*** Block opens ***
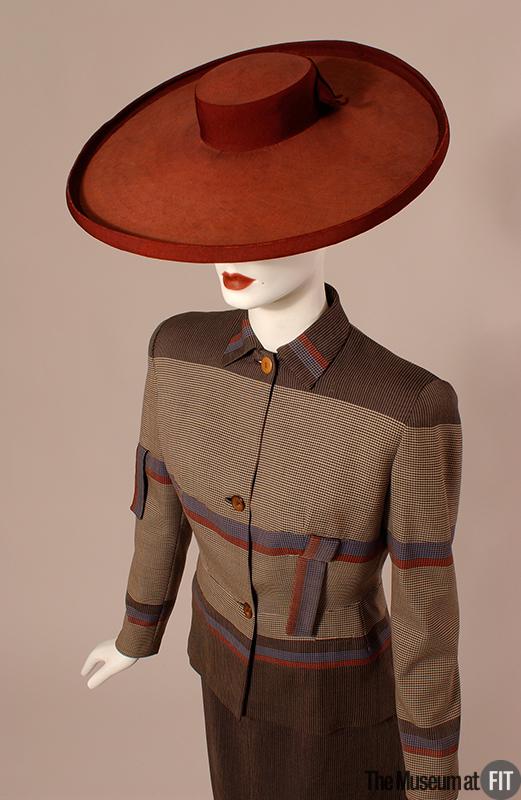 Suited Up Week: This c.1946 day suit is instantly recognizable as an #Adrian creation. He was unsurpassed in his ability to seam and piece fabrics. His subtle use of color was no doubt honed during his years as a costume designer for films.  Via #MuseumatFIT #GilbertAdrian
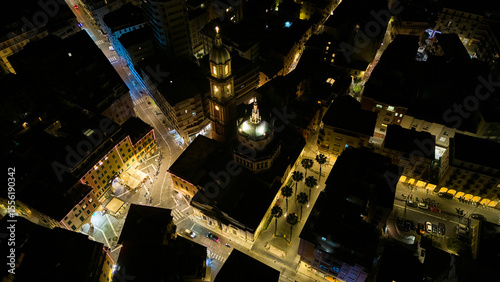 Overhead night aerial of Rapallo Basilica of Saints Gervasius and Protasius with glowing bell-tower and dome framed by palm-lined streets in the old town, Italian Riviera, Liguria, Italy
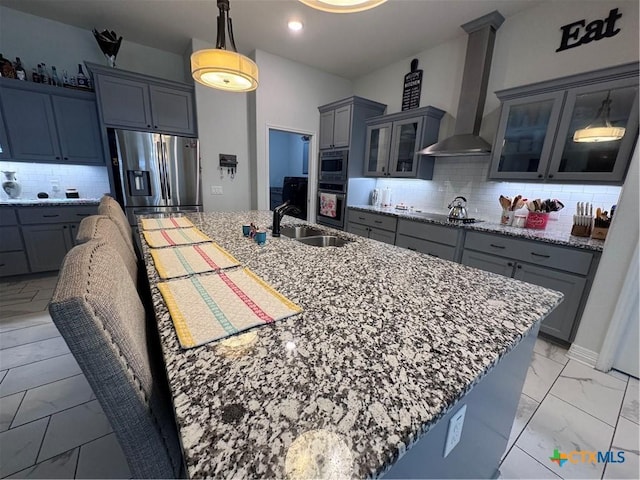 3220 Wild Seed Dr, Salado, TX 76571 - kitchen with gray cabinets, marble finish floor, a sink, appliances with stainless steel finishes, and wall chimney exhaust hood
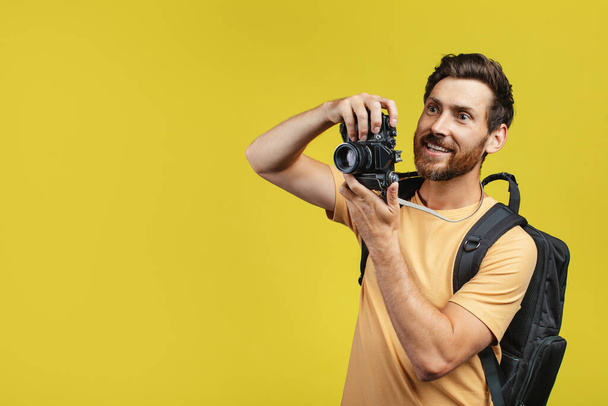 Positive middle aged man with backpack taking picture on professional DSLR camera over yellow studio background, free space. Male tourist shooting travel photos during his adventures - Φωτογραφία, εικόνα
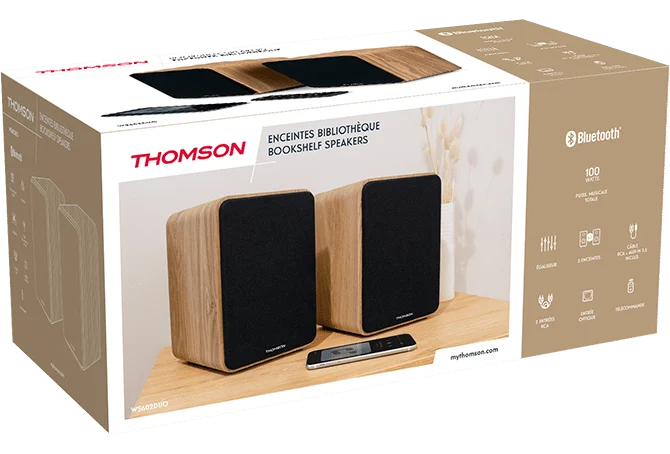 Altavoces Thomson con acabado de madera y mando a distancia sobre mesa.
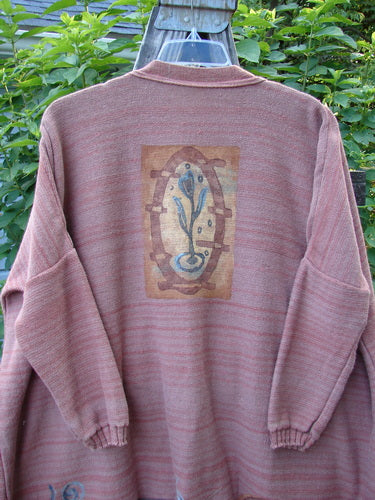 Alt text: 1995 Fireside Cardigan Sweater Single Sprig Marled Brick OSFA featuring a flower detail, deep neckline, ribbed oversized pockets, metal buttons, and drop shoulders.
*** Block closes ***
### WHAT TO PRODUCE
Your copy should hold exactly the lines from the line containing "Positive middle aged" through the last line of the listing above, both included, and no pictures.

### REPLY TO THE EXERCISE
 Positive middle aged man with backpack taking picture on professional DSLR camera over yellow studio background, free space. Male tourist shooting travel photos during his adventures - Φωτογραφία, εικόνα
 Altavoces Thomson con acabado de madera y mando a distancia sobre mesa.
 Alt text: 1995 Fireside Cardigan Sweater Single Sprig Marled Brick OSFA featuring a flower detail, deep neckline, ribbed oversized pockets, metal buttons, and drop shoulders.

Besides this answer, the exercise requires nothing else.